Now, the correct way of parsing text is based on two phases, lexing and parsing (for more details read “A Guide To Parsing” article I mentioned before). I say screw it, we are in the dumb way to parse, so we will have only one phase which we call eat 🤤.

Please have a look at following file:

In there we have an eat function which takes:

  • a static string — the string we want to eat
  • a pointer into the memory where we want to start eating from
  • and the length, which tells us how far we might want to eat

It returns an optional pointer, meaning that if we were able to eat the string, we return the pointer where we stopped eating, if we were not able to eat, we return a nil.

However before we start eating the string itself, we eat white space. White space are characters, which do not have any semantical meaning for humans. If we have a look at character encoding table for first 128 characters in ASCII, which is equal to UTF8:

ascii-code-tabelle-new-excellent-ascii-home-design-symbols-generator-code-table-of-ascii-code-tabelle.png

We see that first 0..<33 are non visible characters and can be considered as white space. Hence the dumb implementation of the eatWhiteSpace function:

public func eatWhiteSpace(
_ p: UnsafePointer<UInt8>,
length: Int
) -> UnsafePointer<UInt8>? {
var p1 = p
while p1.pointee < 33 {
p1 = p1.advanced(by: 1)
if p.distance(to: p1) > length {
return nil
}
}
return p1
}

It advances through numbers which are smaller than 33 and returns the pointer to the first number which is higher or equal 33. It also checks that we don’t eat too much. Eating should be a safe experience!

Speaking of safety first, if you already decided to go with dumb way of parsing, you should at least unit test your parser, which is btw. a really pleasant experience. Here are some unit tests for our eating logic:

As I mentioned earlier, we don’t parse text just for kicks. We want to extract data out of the textual representation. But before we do the data extraction, let’s define the data structures which will hold the data. In my example I am parsing the IDL (interface definition language) of FlatBuffers. The grammer for FlatBuffers IDL can be found here:

It’s quite a mouthful and also not always up to date. So let’s pick a somewhat simple declaration out of it in order to see how we can parse it in the dumb way.

Let’s pick the enum_decl — it’s the declaration of an enum type in FlatBuffers. First we want to define the data model for the enum declaration:

struct Enum {    
let name: Ident
let type: Type
let cases: [EnumCase]
let metaData: MetaData?
let comments: [Comment]
}

Here we see that an Enum has a name which is Ident it has a type, an array of cases, metadata and array of comments.

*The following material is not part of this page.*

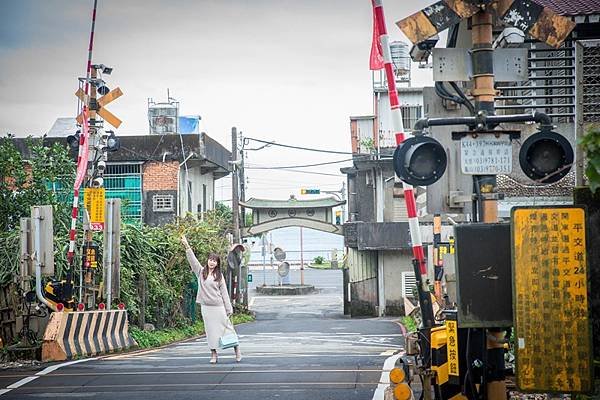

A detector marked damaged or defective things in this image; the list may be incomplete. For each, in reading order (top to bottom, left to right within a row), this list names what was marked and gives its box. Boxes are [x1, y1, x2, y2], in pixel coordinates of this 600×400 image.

rusty metal pole [474, 8, 506, 400] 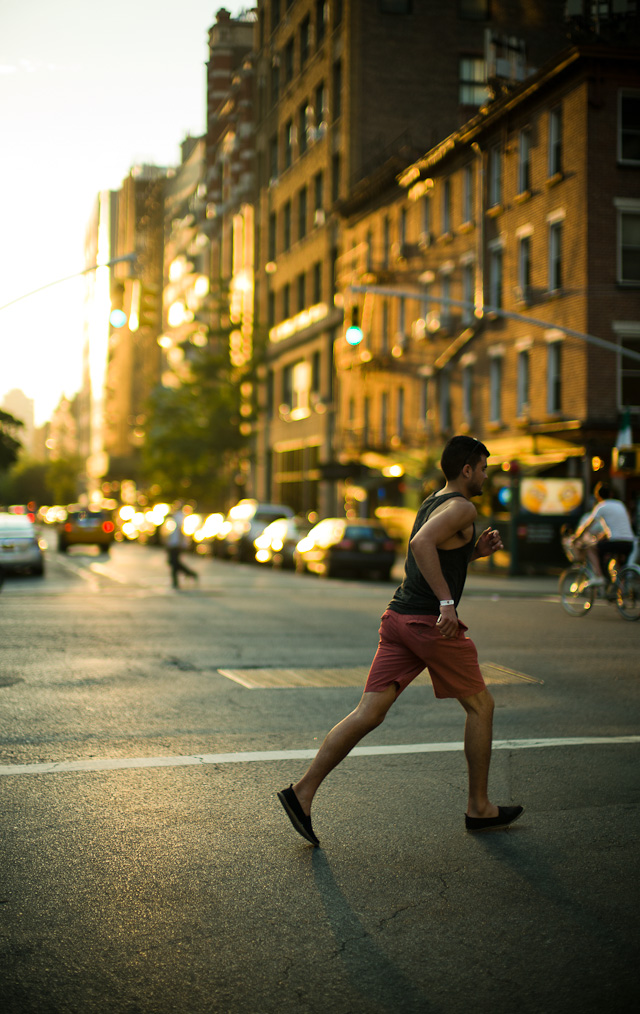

Let’s start with the later, let’s see what Comment is all about:

Comment is a simple struct which hold only a string value. It implements the ASTNode protocol which forces us to implement the parsing logic as a static method. This method receives pointer and length and returns an optional tuple:

  • instance of the comment
  • a pointer to the place where we stoped eating characters

It is an optional tuple because it returns nil if we were not able to produce the comment. Now not being able to produce a comment might be a legitimate thing or an exception. I guess I would be better of, if this method would throw, but I decided to just raise and crash internally. It’s up to you, to make your implementation better.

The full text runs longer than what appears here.